On Intrade, by contrast, the traders who participate and collectively set market prices, are forced to choose—and put money where their mouths are. Will the United States enter a recession in 2013? Before it shut down, the prices for that contract on InTrade implied a 16.9 percent chance that the answer was “yes.” In a world in which people hold their pundits to a higher standard, people spouting off on the economy (or politics, or foreign affairs, or the selection of the pope) would be forced to make specific, testable predictions, and attach probabilities to those guesses.

(…)

What if there were a new, CFTC-authorized, fully legal version of InTrade up and running. And what if every columnist and TV commentator put some of their own money in an account and put money on outcomes—fully disclosed and public, for all their readers to see.

That way, when someone on TV says, “Hillary Clinton is a shoe-in to be the Democratic nominee in 2016,” they would also have to make another judgement: Is the 49 percent probability of that outcome priced into Intrade (RIP) too high, too low, or just right?
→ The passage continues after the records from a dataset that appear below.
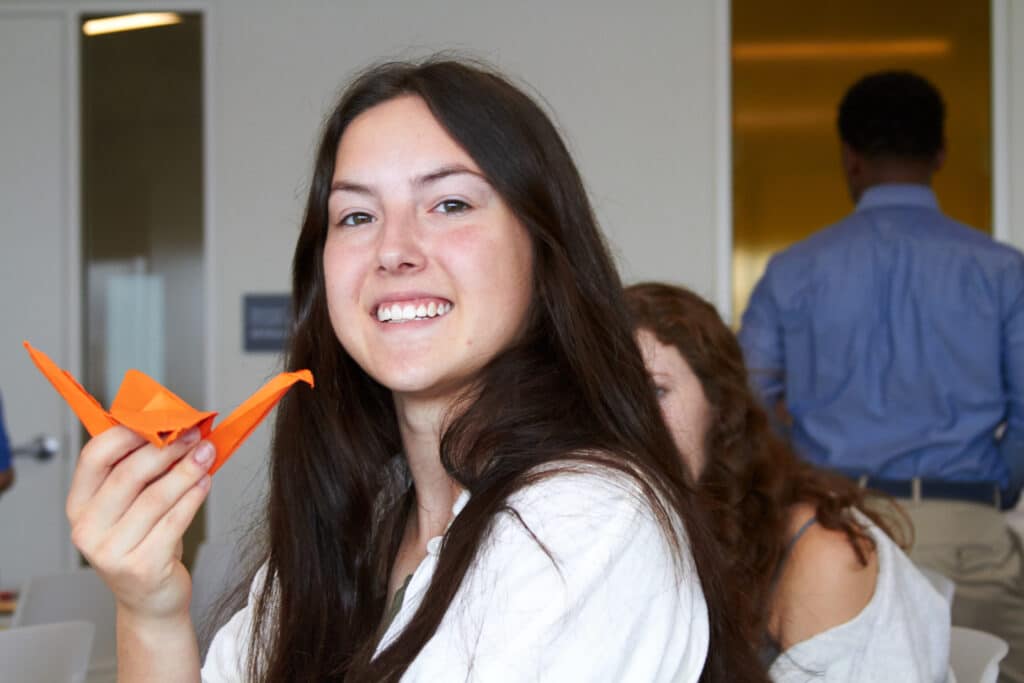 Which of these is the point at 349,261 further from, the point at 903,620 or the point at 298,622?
the point at 903,620

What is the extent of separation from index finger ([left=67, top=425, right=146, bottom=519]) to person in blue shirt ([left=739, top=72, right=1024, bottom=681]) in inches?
93.3

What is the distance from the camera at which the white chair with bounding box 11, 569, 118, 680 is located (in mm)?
2590

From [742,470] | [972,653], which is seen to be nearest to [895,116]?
[742,470]

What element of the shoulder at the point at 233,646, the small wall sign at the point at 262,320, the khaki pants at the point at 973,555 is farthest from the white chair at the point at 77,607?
the small wall sign at the point at 262,320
Whatever their answer, how strongly do they believe it? Enough to put $20 on it, or $100, or $500?

Done right, InTrade, or a successor that has more of a clear legal status and regulatory oversight, can be a vehicle for accountability in punditry, not just a way to make baseball playoff games more exciting. And that would truly be something new under the sun.

Personally I’ve never been all that convinced of Intrade’s value as predictor of political events. For the most part, it seemed to merely follow the polls and didn’t appear to be any more accurate than the polling averages that most major political sites have been running for the past several election cycles and it was far less insightful than Nate Silver’s analysis. Could an Intrade like site make pundits more accountable for their predictions? It’s possible I suppose, but it strikes me that most of these people are so shameless that it really won’t have much of an impact at all.

FILED UNDER: Economics and Business, US Politics, , , , , ,
Doug Mataconis
About Doug Mataconis
Doug Mataconis held a B.A. in Political Science from Rutgers University and J.D. from George Mason University School of Law. He joined the staff of OTB in May 2010 and contributed a staggering 16,483 posts before his retirement in January 2020. He passed far too young in July 2021.

Comments

  1. grumpy realist says:

    Only if the guillotine were the default result for erroneous pundits…If I ever run for POTUS, that’s going to be a part of my party platform.

    Intrade shutting down completely? I predict they’re going to discover someone inside was gaming the system for a bunch of betters and was getting paid off. (In other terms, Why No One Buys Stock On The Italian Stock Market.)

  2. jpmeyer says:

    Intrade made it very hard to take short positions, which made it less accurate than it could have been. Combined with the fairly thin depth of the market, this lead to things like Ron Paul winning the presidency being heavily overpriced.

    Which of course tells you a lot about who was using Intrade!